* What needs to be done: Would you retype exactly the lines below, from the one containing "New Speed Queen" through the end of the entries, both ends included, but not the pictures?

================================

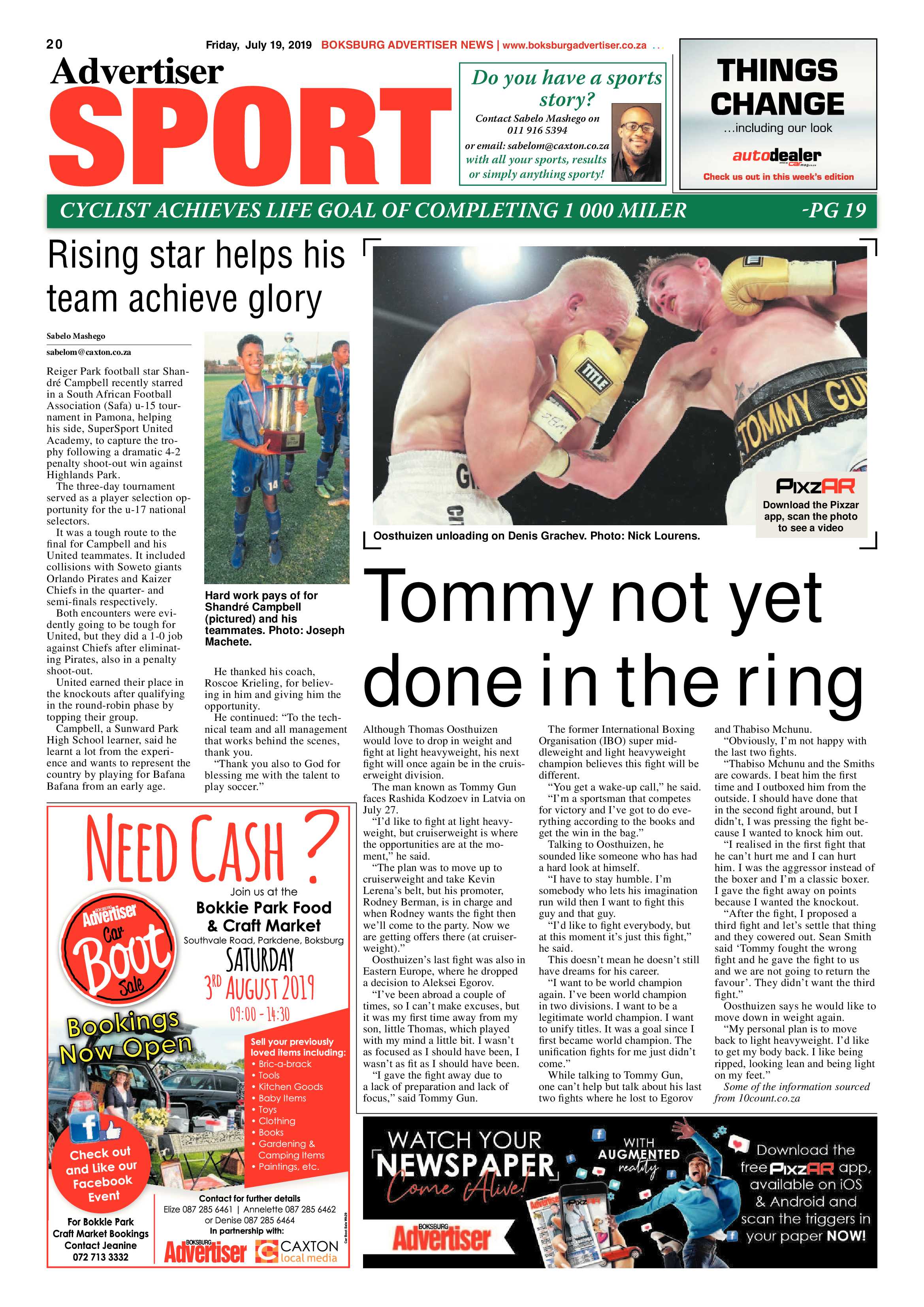 Boksburg Advertiser 16 July 2019 page 20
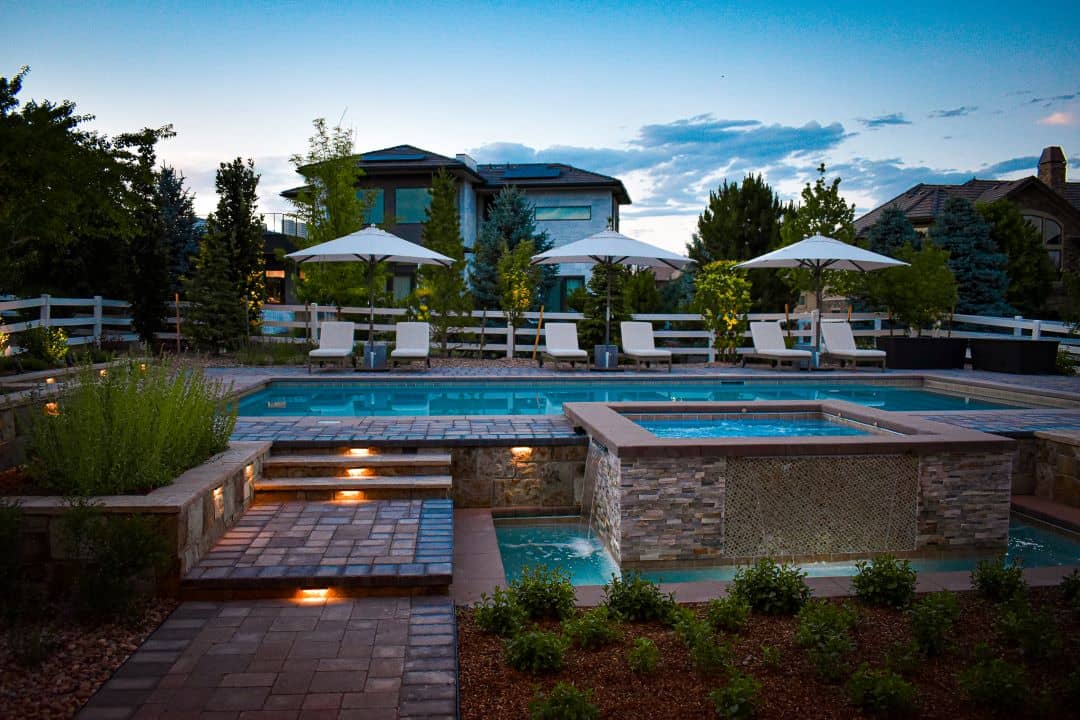 Pool Area for Outdoor Living Area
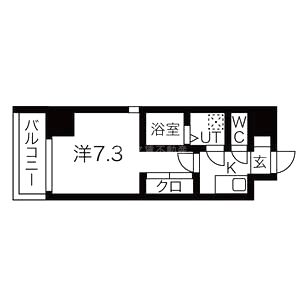 レクシア京橋DUOの間取り図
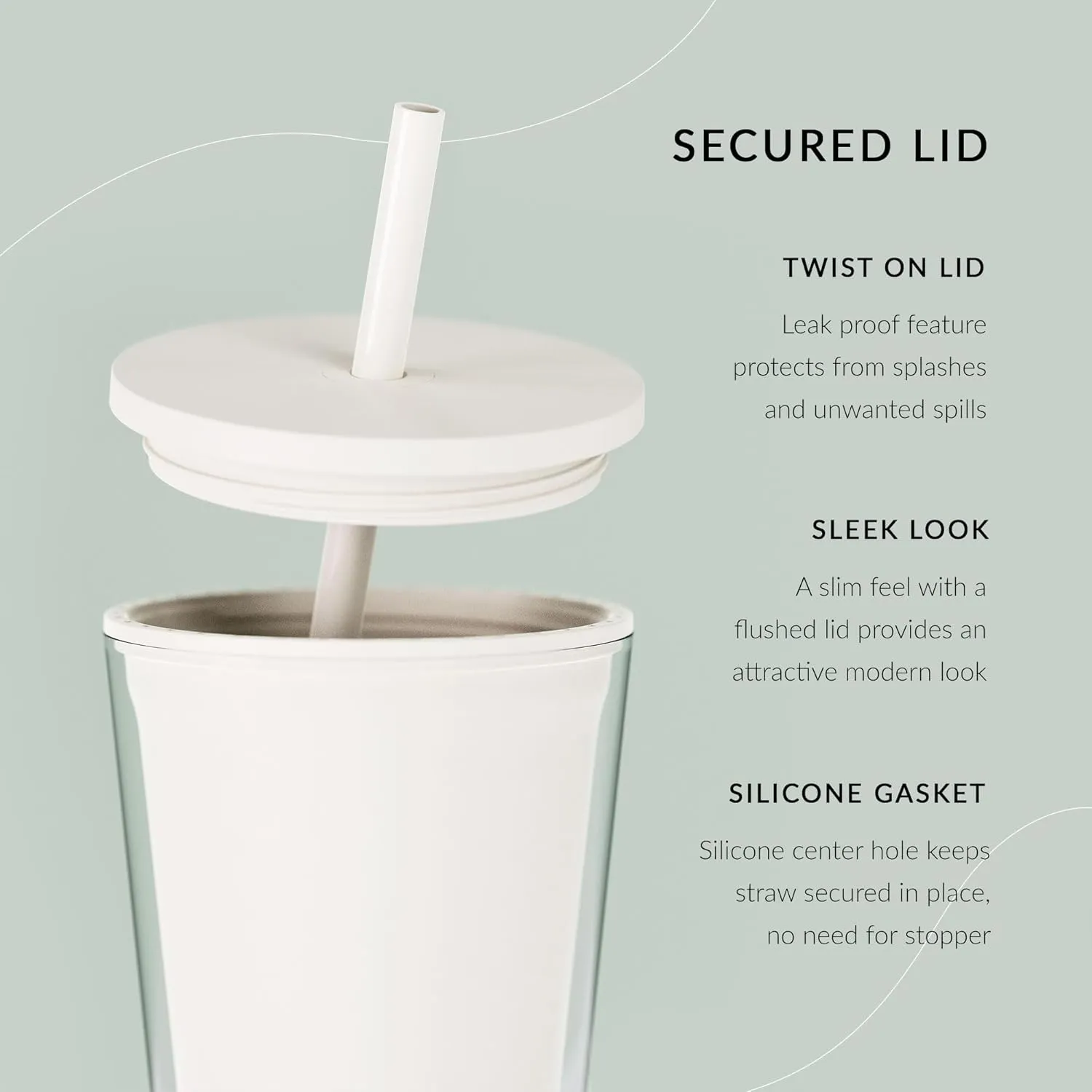 Maars Classic Acrylic Tumbler with Lid and Straw | 16oz Premium Insulated Iced Coffee Cups, Double Wall Reusable Plastic Cups - Clear, 2 Pack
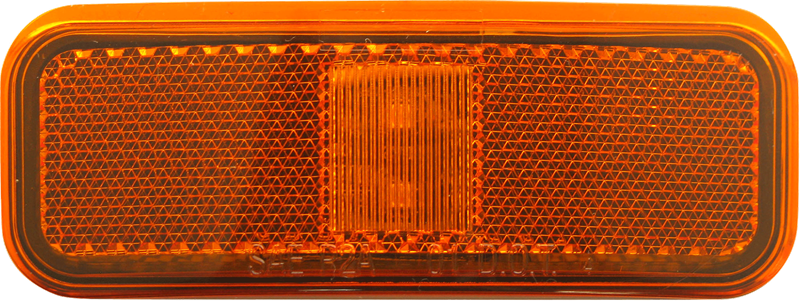 Optronics Trailer Light, MCL40/44 Series, Marker/ Clearance Light, LED Bulb, Rectangular, Yellow – MCL40ABBP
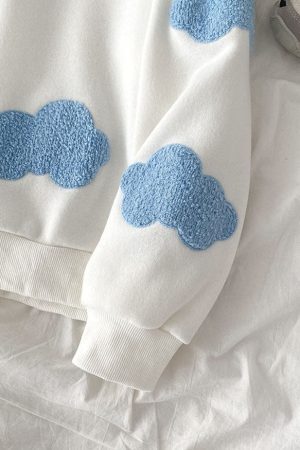 Style Core Aesthetics, New Style Trends Cloud Pattern Hoodie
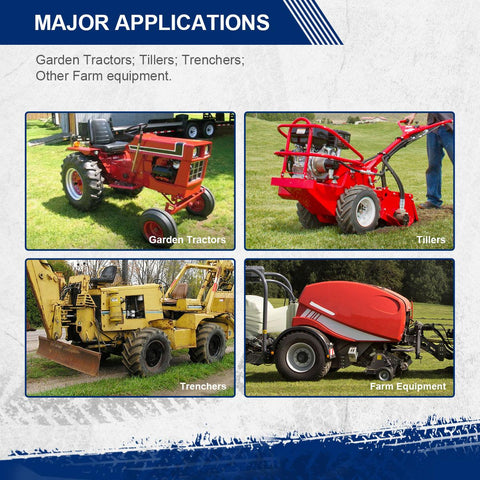 Image of MaxAuto 2 Pcs Super Lug 24x12.00-12 24X12.00X12 Lawn Tractor Tires Very Wide 6 Ply Rated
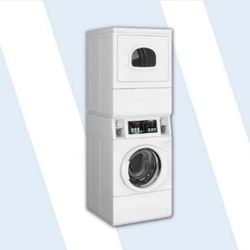 New Speed Queen Stack Washer/Dryer 22 lb Capacity – Gas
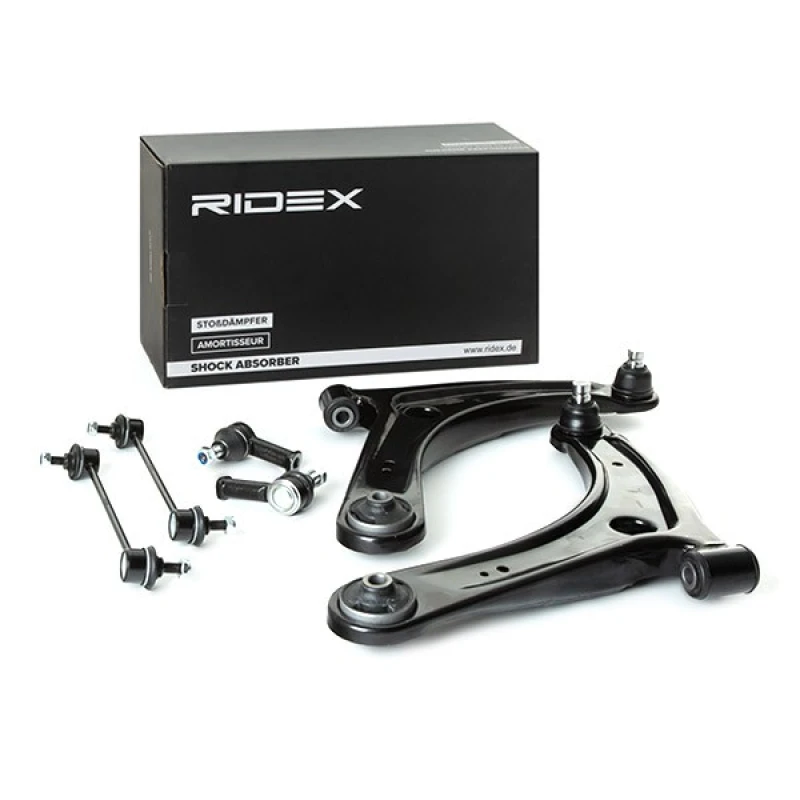 Image of RIDEX 772S0312 Control arm repair kit Front Axle Suspension Kit (772)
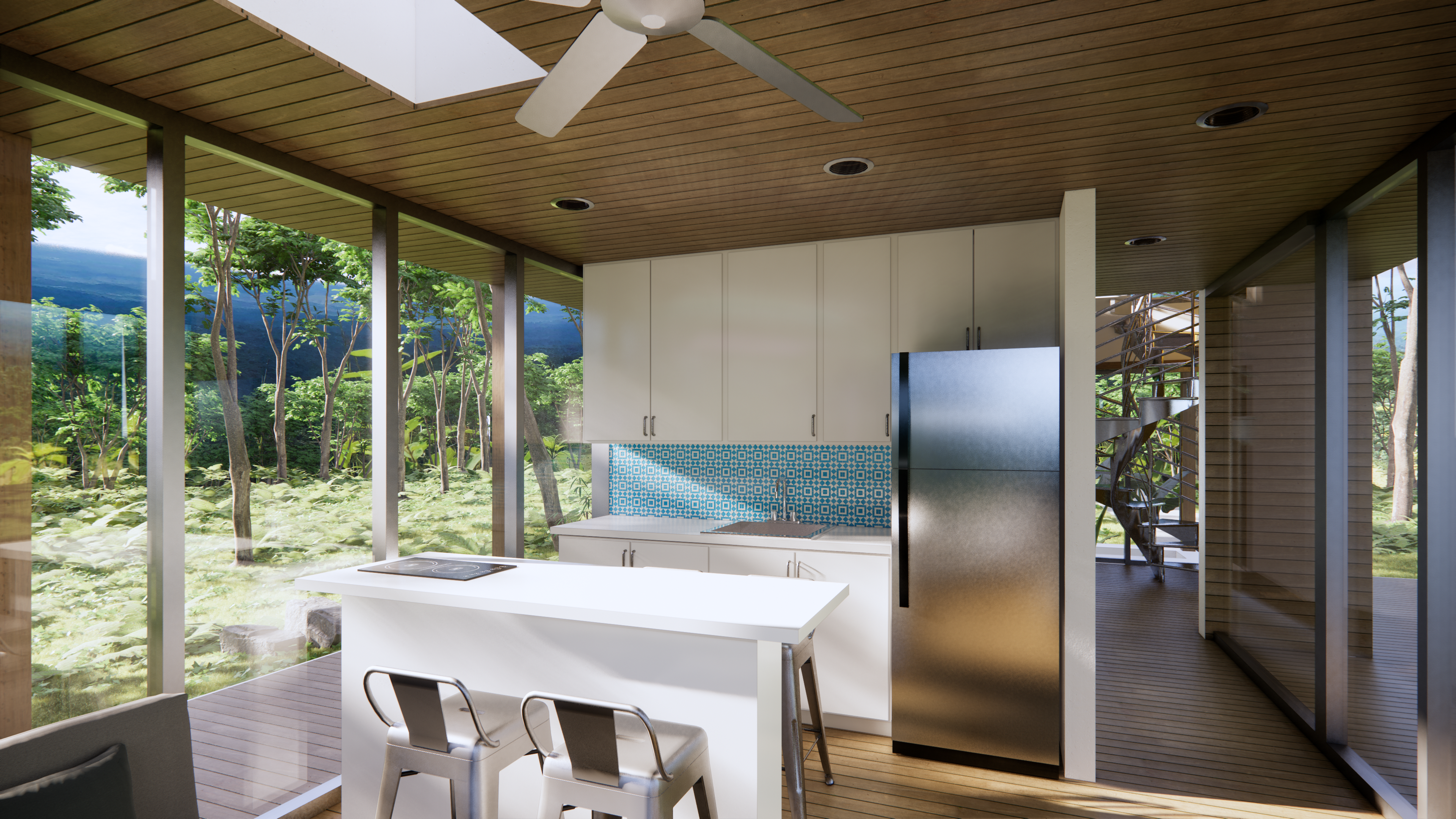 Rendering :: Interior View of TES B Living Area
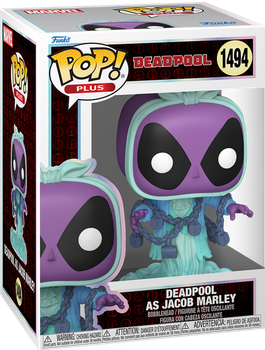 Фигурка Дедпул в роли Джейкоба Марли — Funko Pop! MARVEL: DEADPOOL AS JACOB MARLEY #1494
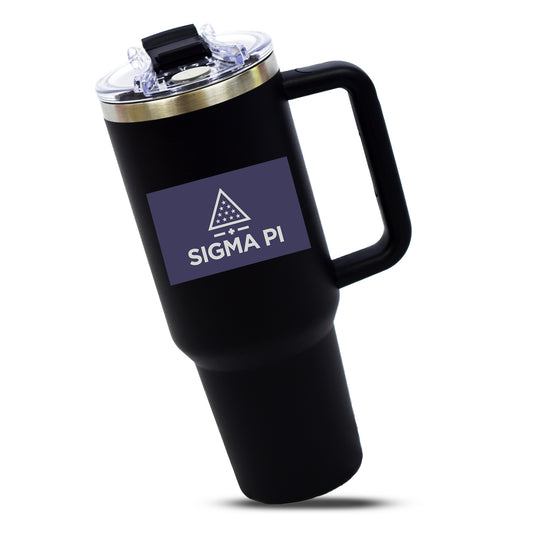 Sigma Pi Fraternity 40oz Stainless Steel Tumbler with Handle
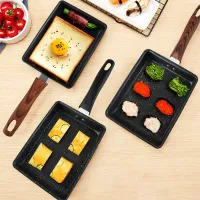 Japanese omelet pan with non-sticky surface and hot grip - Breakfast pans
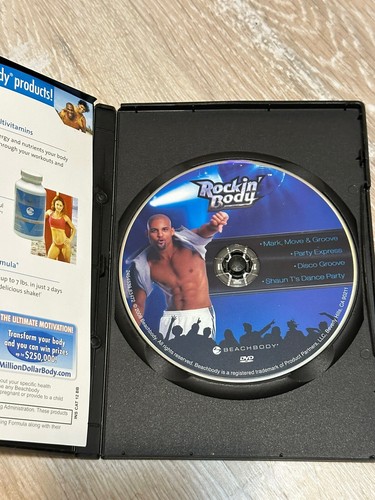 Rockin' Body Sean T Workouts (DVD , 2-Disc Set) Preowned Very Good Condition - Picture 5 of 8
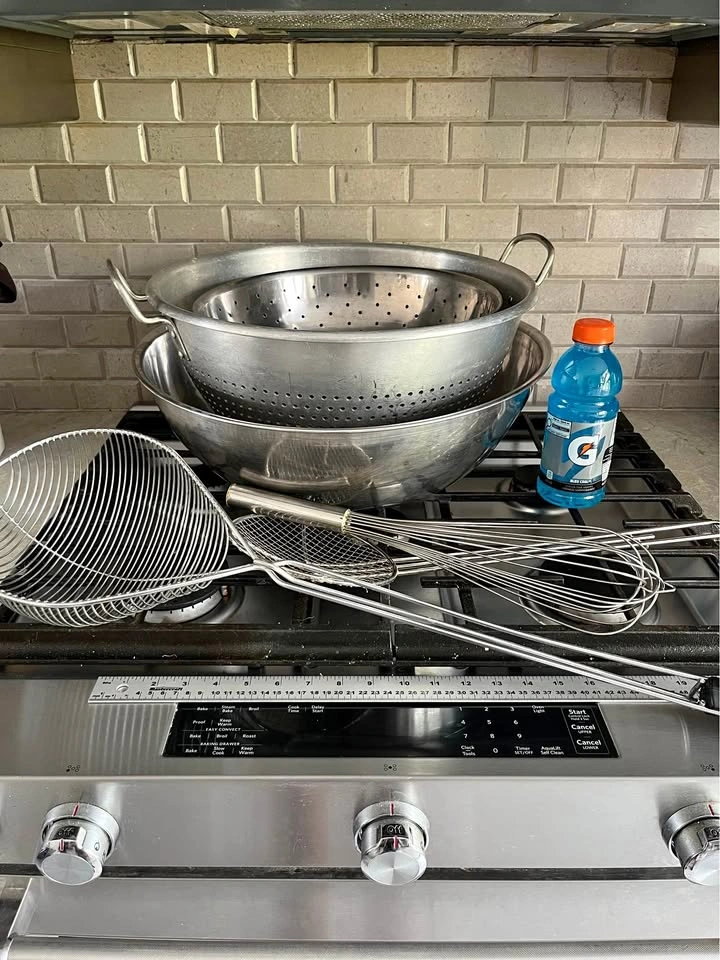 Commercial Stainless Steel Kitchenware Set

================================

* Expected output:
 New Speed Queen Stack Washer/Dryer 22 lb Capacity – Gas
 Image of RIDEX 772S0312 Control arm repair kit Front Axle Suspension Kit (772)
 Rendering :: Interior View of TES B Living Area
 Фигурка Дедпул в роли Джейкоба Марли — Funko Pop! MARVEL: DEADPOOL AS JACOB MARLEY #1494
 Sigma Pi Fraternity 40oz Stainless Steel Tumbler with Handle
 Japanese omelet pan with non-sticky surface and hot grip - Breakfast pans
 Rockin' Body Sean T Workouts (DVD , 2-Disc Set) Preowned Very Good Condition - Picture 5 of 8
 Commercial Stainless Steel Kitchenware Set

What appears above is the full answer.